Décidément, l’interminable et rocambolesque feuilleton Nord Stream II ne cessera de nous étonner. Dernière trouvaille en date des scénaristes, un rapprochement entre les deux géants énergétiques russes.
Contrairement à ce que l’on pourrait croire, ces deux-là ne s’entendent guère. Depuis plusieurs années, Rosneft, mastodonte pétrolier dirigé par l’incontournable Igor Setchine, et Gazprom, colosse gazier mené par le non moins influent Alexeï Miller, se tirent la bourre, parfois sans vergogne.
Dans un article de 2018, Reuters évoquait même, avec peut-être un peu d’exagération mais non sans raison, un clash des titans : concurrence féroce sur certains marchés-clé, débauchage des cadres de l’adversaire etc.
La difficulté vient de ce que Rosneft se diversifie dans le gaz et Gazprom dans le pétrole, chacun empiétant donc sur les platebandes de l’autre, le tout sous l’oeil parfois inquiet du Kremlin qui se retrouve dans la position inconfortable de l’arbitre qui ne veut déplaire à aucun des deux camps – preuve supplémentaire que la Russie poutinienne n’est pas un tout monolithique comme on le lit trop souvent dans la presse.

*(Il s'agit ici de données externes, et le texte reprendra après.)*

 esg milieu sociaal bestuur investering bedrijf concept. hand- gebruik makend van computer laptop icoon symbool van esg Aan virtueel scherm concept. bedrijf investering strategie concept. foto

Mais il se pourrait bien que l’abracadabrante telenovela baltique finisse par les mettre sur la même longueur d’onde…
En effet, après que le Washingtonistan ait jeté l’éponge sur le pipeline, l’euronouillerie masochiste a décoché une ultime flèche du Parthe administrative en rappelant à la rescousse le troisième paquet énergétique : le propriétaire du tube ne peut avoir le monopole des flux qui y transitent.

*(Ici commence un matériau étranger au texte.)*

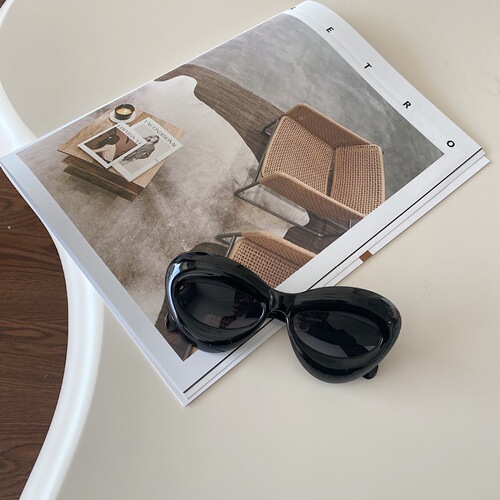 Weimu children's clothing children's futuristic glasses boys and girls personality trend sunglasses baby sunscreen glasses wholesale from Korea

Il n’en fallait pas plus pour que Rosneft ne saute sur l’occasion, proposant à Vladimirovitch d’utiliser le NS II pour vendre son propre gaz, une éventualité étudiée avec attention. En réalité, il n’y a pas beaucoup de suspense. Si l’euroland ne fait pas marche arrière, Gazprom est obligé d’ouvrir son tube aux concurrents et pour Moscou, le calcul est vite fait : mieux vaut que ce soit la compagnie de Setchine plutôt qu’un producteur indépendant voire un hypothétique gaz d’Asie centrale.
Que Rosneft ait volé au secours de Gazprom ou profité de ses difficultés, ou les deux à la fois, le résultat final est le même : l’or bleu « officiel » russe va irriguer le Rimland occidental.